» YOUR INSTRUCTIONS:
The result should be a word-for-word retyping of the entries below, free of pictures.

╭─ DATASET

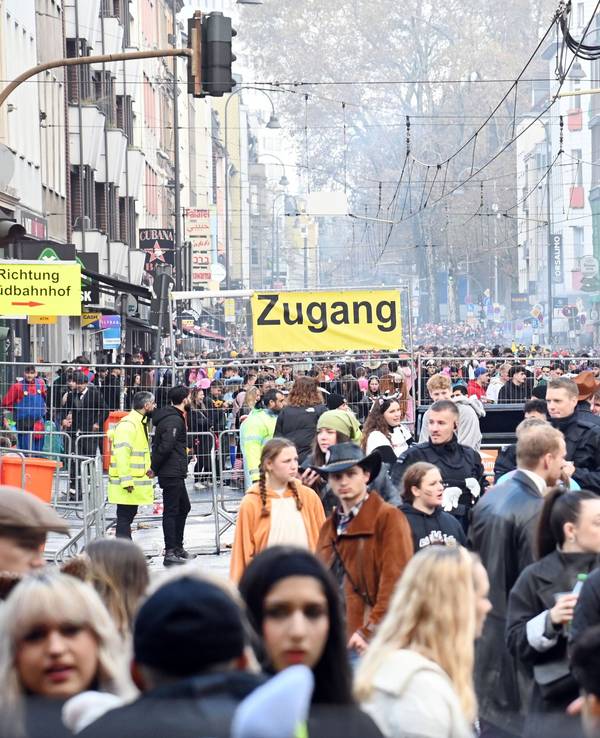 11.11.2024 Köln. Elfter Elfter auf der Zülpicher Straße. Foto: Alexander Schwaiger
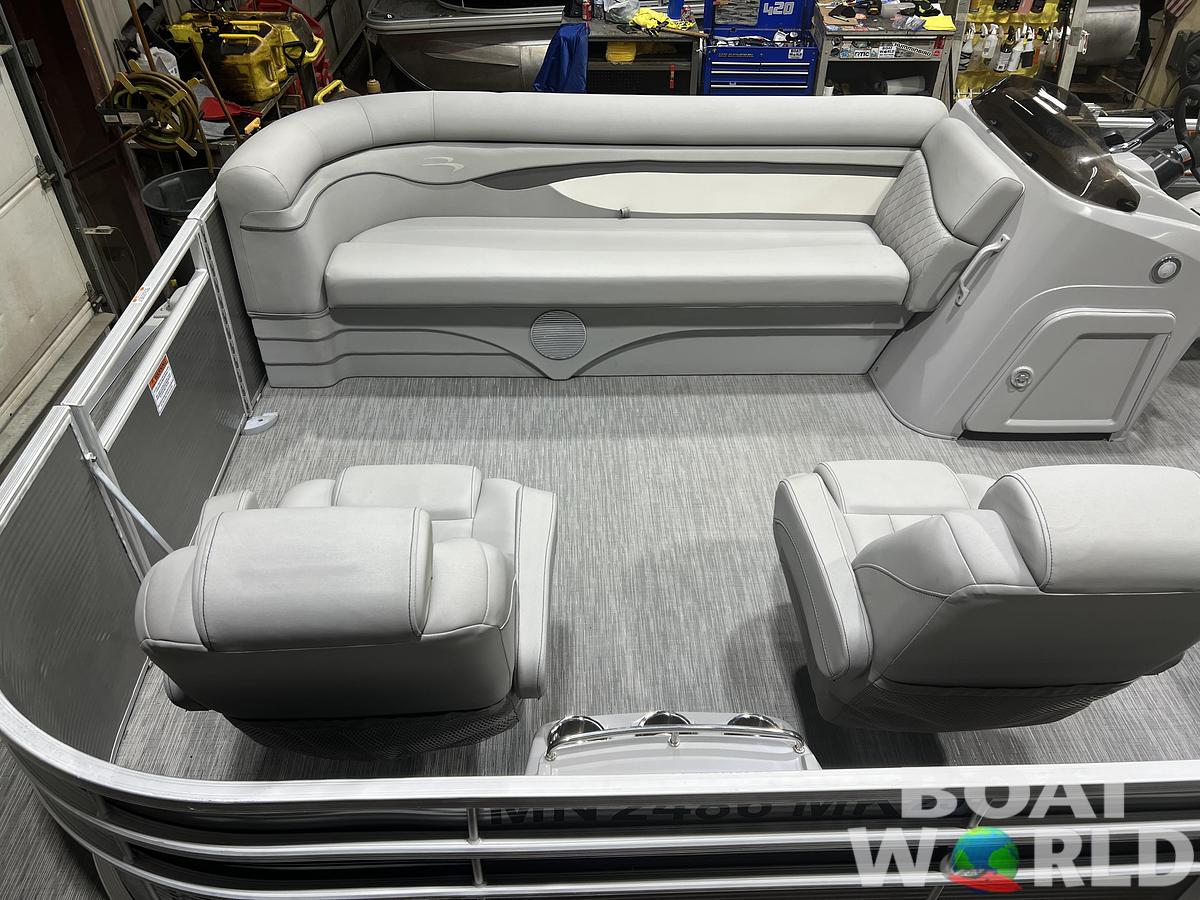 Used 2023 Bennington 21 SLCP Pontoon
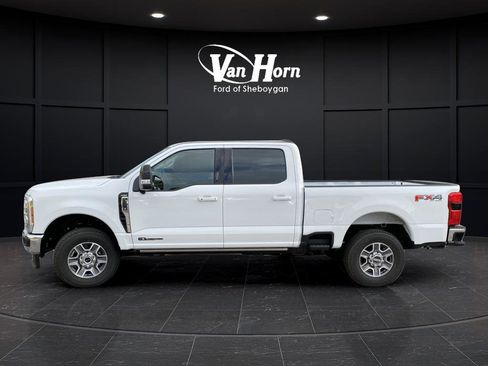 New 2026 Ford F250 Lariat w/ FX4 Off-Road Package image 14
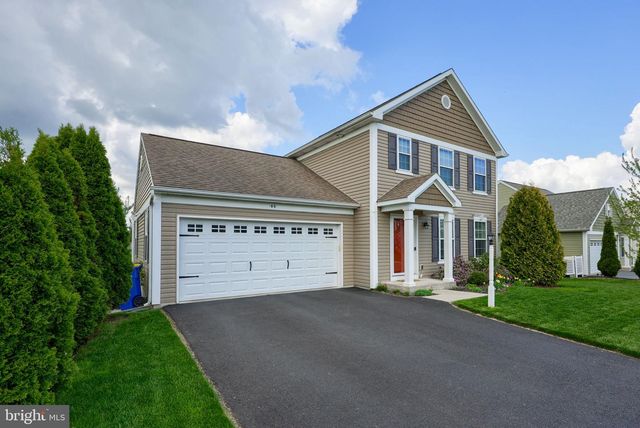 100 KENNETH DR, Leola, PA 17540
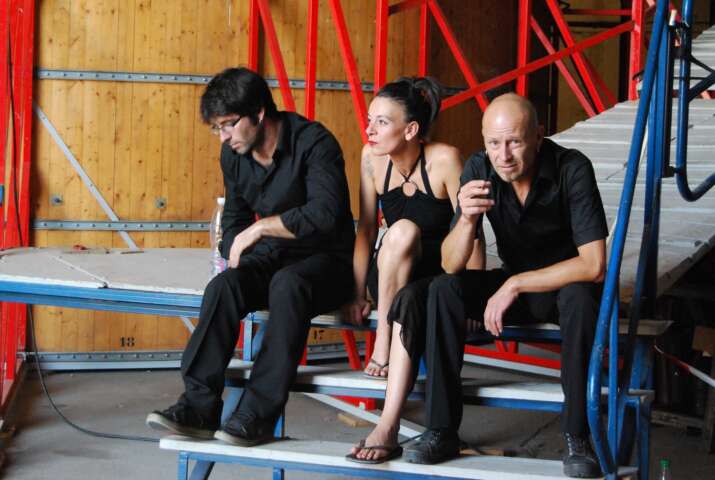 Quartier rouge - Le Mur de la Mort - Portraits d'Arnaud Bardel, Laurie-Anne Estaque et Raoul Carnet lors de la tournée du spectacle Mécanique cantique. 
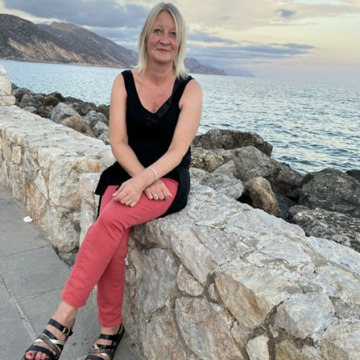 Photo of Sarah FARMER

╰─

» SOLUTION FOR THIS EXERCISE:
 11.11.2024 Köln. Elfter Elfter auf der Zülpicher Straße. Foto: Alexander Schwaiger
 Used 2023 Bennington 21 SLCP Pontoon
 New 2026 Ford F250 Lariat w/ FX4 Off-Road Package image 14
 100 KENNETH DR, Leola, PA 17540
 Quartier rouge - Le Mur de la Mort - Portraits d'Arnaud Bardel, Laurie-Anne Estaque et Raoul Carnet lors de la tournée du spectacle Mécanique cantique. 
 Photo of Sarah FARMER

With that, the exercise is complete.